- About this task:
Beginning at the line that mentions "Jean × Vintage", retype the rest of the records below exactly. Pictures are not part of the copy.

- Data:
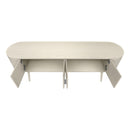  Monarch I 2799 72"L TV Stand - Antique White with 4 Doors IMAGE 6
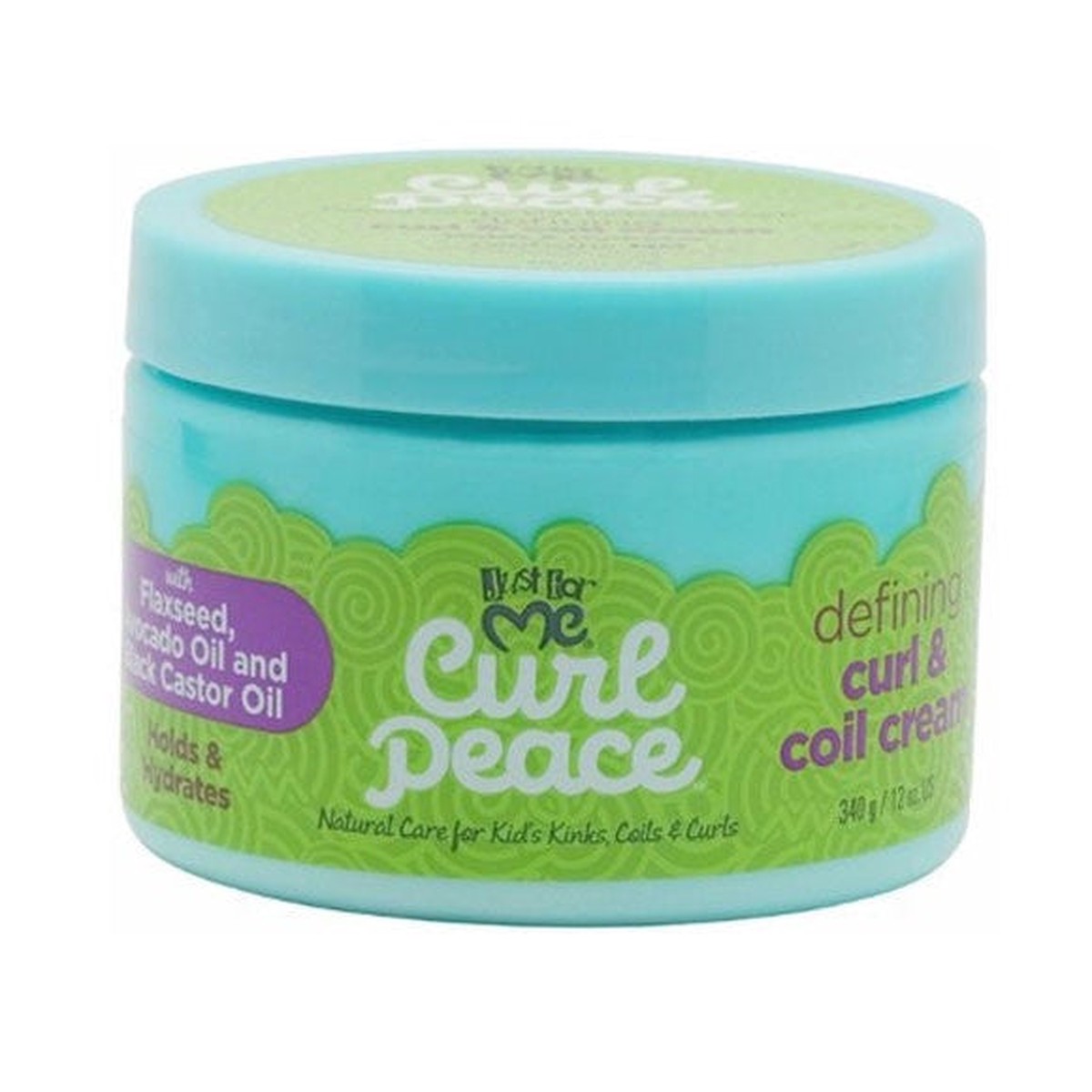 Just for Me Curl Peace Defining Curl And Coil Cream for Enhanced Definition & Softness for Kids' Natural Hair 340g/11.99 oz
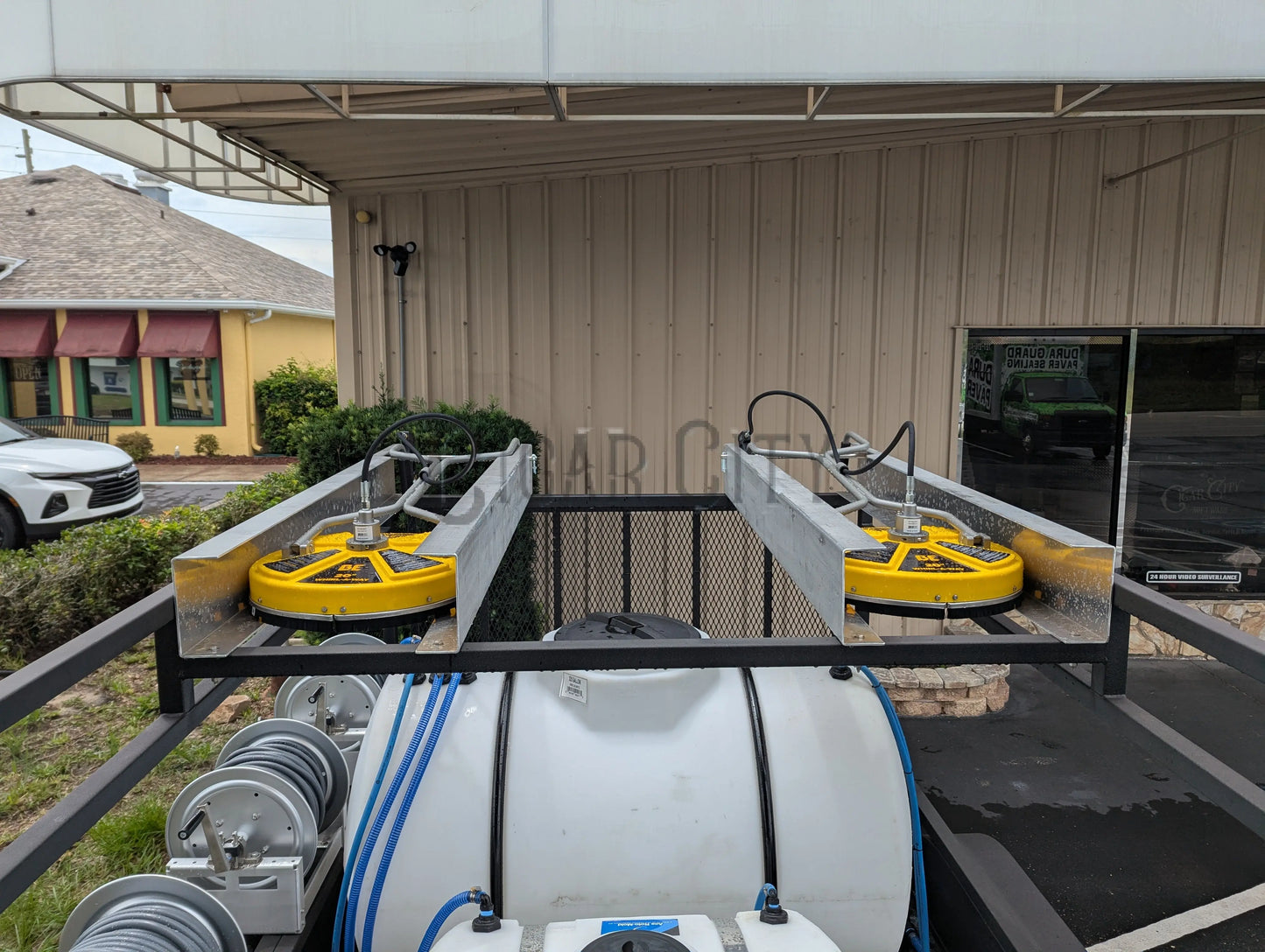Dominator 6x12 Dual Hot Water Pressure Washing and 12v Softwash Trailer Cigarcity Softwash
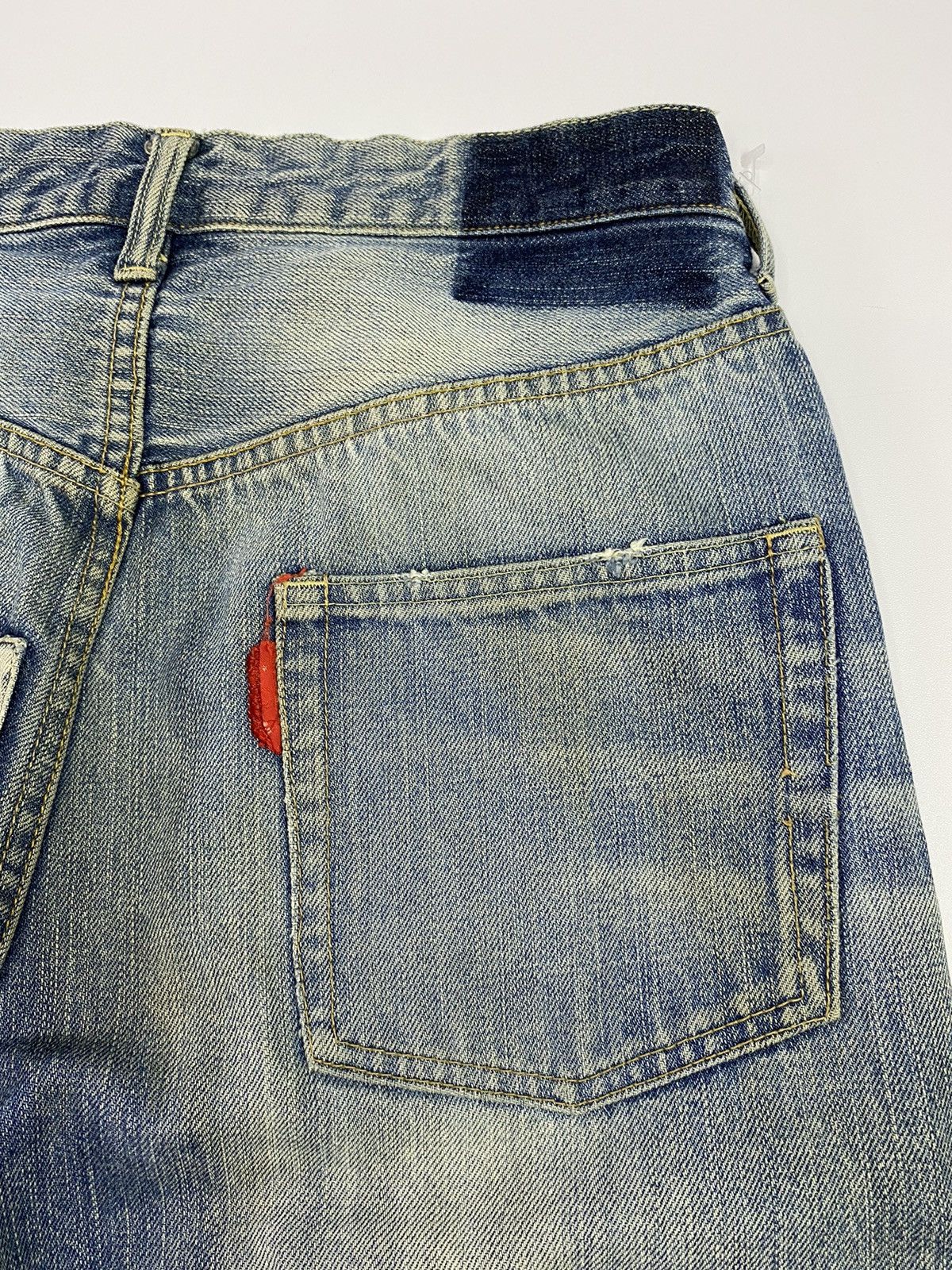 Jean × Vintage Selvedge patchwork jeans pant japanese brand Size US 30 / EU 46 - 9 Thumbnail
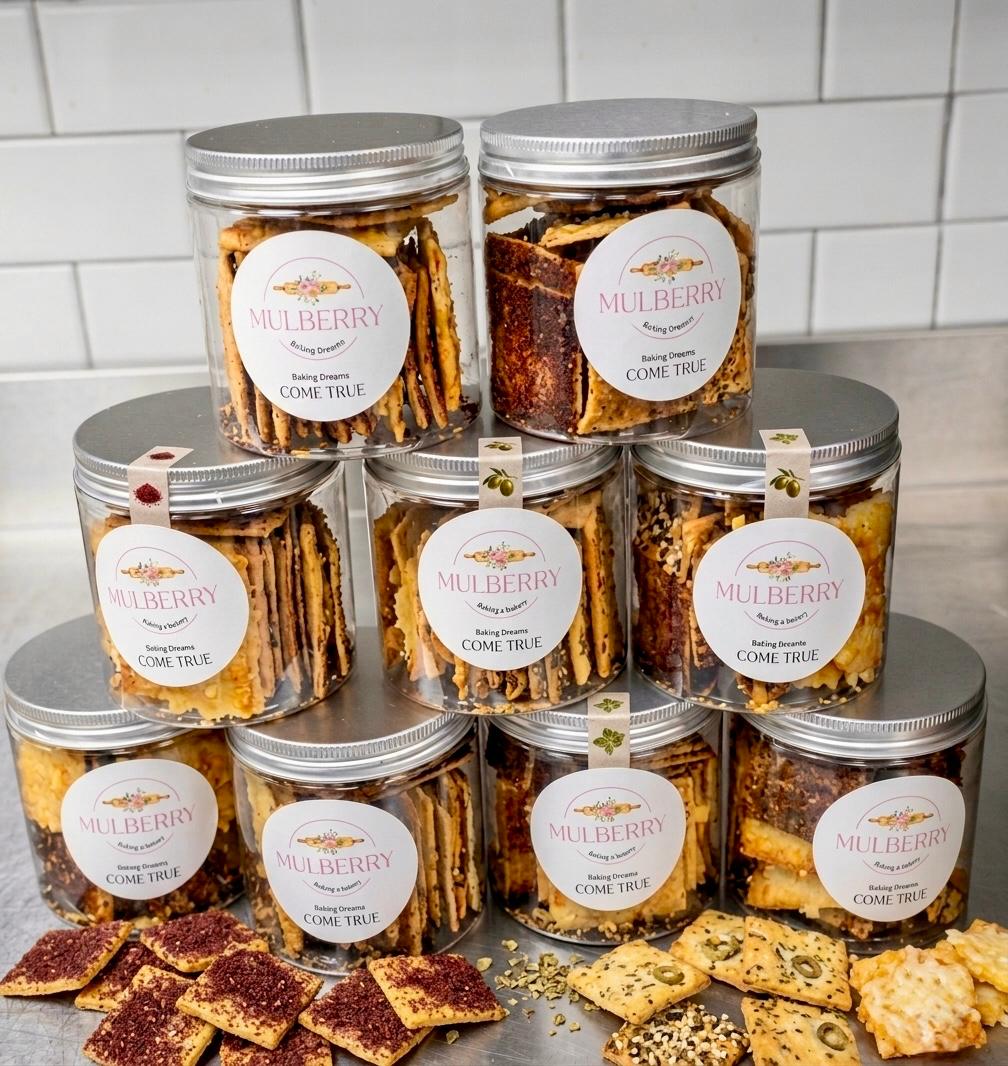 Savory crackers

- Answer to this task:
 Jean × Vintage Selvedge patchwork jeans pant japanese brand Size US 30 / EU 46 - 9 Thumbnail
 Savory crackers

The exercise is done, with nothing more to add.